Students sketching Sudden Death
The first half we were based out of UC's Crooked Creek Research Station at 10000 ft in the White Mountains. The thin air was a new experience for many of the students and it took days for them to acclimatize. We started our summer field with the tried and true Poleta Folds mapping area in the Deep Springs. This is a classic site due to its combination of colorful, distinct, and laterally continuous stratigraphy, complex folds and faults the repeat the same 150 m of rock over a large area, and remarkably good outcrop coverage that allow features to be mapped unambiguously. The recent acquisition of high resolution airborne lidar data only adds to the appeal by allowing tailor-made accurate basemaps to be generated. We ran into no fewer than six other schools mapping Poleta at the same time as us! My best find was a student's smart phone which I managed to return. The students had mixed feelings about this field area. Apparently it was a considerable step-up in difficulty from their prerequisite class field areas which overwhelmed, but they also seemed to appreciate the wide open expanse and freedom this area afforded. For my part I enjoyed mapping with the benefit of a digital tablet (cheating!) and then comparing to the map I made as an undergraduate. Not to toot my own horn but I was surprised and frankly rather impressed by some of the intricate mapping I was able to do by the end of my sophmore year. There were of course intricacies I missed and these were the most satisfying to resolve.
The long days and early starts (to make the most of the cool morning hours) certainly weighed down student morale so we did our best to splice in trips to the bristlecones or snow to give temporary respite.
Morale boosting drive up the road to play in the snow
Students hard at work in the Crooked Creek classroom
View from the classroom
Leisure was in short supply but Andrey and I did manage to get in a few wheezy high altitude runs around Crooked Creek and a half day jaunt up White Mountain Peak (14252ft), while the students were at camp working on their Poleta reports. It was good to get some exercise!
Final approaches up White Mountain
A karstic alcove spotted on a run
Finishing the Poleta report was a good palate cleanser for the students, which we followed with some shorter projects.

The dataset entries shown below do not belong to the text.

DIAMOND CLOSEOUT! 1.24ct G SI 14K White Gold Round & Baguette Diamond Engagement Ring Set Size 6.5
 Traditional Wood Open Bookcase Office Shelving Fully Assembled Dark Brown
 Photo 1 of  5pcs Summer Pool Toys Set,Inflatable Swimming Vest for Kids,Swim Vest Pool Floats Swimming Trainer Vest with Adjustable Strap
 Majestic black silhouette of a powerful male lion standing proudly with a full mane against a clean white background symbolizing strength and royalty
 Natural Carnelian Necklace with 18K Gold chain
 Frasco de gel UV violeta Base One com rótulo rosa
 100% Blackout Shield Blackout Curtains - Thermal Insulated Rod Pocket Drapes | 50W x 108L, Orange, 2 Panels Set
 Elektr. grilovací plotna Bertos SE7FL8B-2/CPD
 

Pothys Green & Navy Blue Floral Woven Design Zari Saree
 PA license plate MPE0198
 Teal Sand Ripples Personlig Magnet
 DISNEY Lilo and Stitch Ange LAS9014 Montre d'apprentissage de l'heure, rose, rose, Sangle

While Andrey and I sat bound to grade in Crooked Creek station, the students had their first digital project mapping a one-mile square radius around the station. This task they generally seemed to enjoy, especially the cool temperatures and various metamorphic rocks encountered. They then photo-interpreted a new area of Poleta Folds based on their existing knowledge of the stratigraphy and structure and then spent a single day mapping as much of a one-mile by two-mile swath as they could. This they were able to do remarkably well given the efficiency of the tablets.
Poleta Revisited: Breaking out the tablets for the digital Poleta mapping project
We also had a memorable "show-and-tell" day visiting the Eureka Dunes to see what are probably the most spectacular dune field in California. It was already roasting hot by mid-morning but we all enjoyed a climb to the top of a prominent dune and jumping off to make the distinctive "boom" sound on impact. Fast racing lizards, dune plants like little forests, and a mysterious teapot were all interesting distractions from the excellent geology. The second half of the day we made the 4WD journey to Papoose Flat Pluton, the world famous forcibly intruded pluton. We had a perfect lunch spot overlooking the flat which provided a good vantage for explaining the geology. I completely lost the attenuated Poleta Folds outcrop- turns out I don't remember every outcrop from 10 years ago!
The genie must have been on vacation
Little forests
Dune lizard
Papoose Flat lunch view
It was hard to gauge the students' response to completing the first half of summer field. They seemed drained and unsure of what to think of the second half. The last day's cleanup at Crooked Creek was remarkably efficient. Soon we departed the cool mountain air and were on the road to SNARL for the second half of field camp.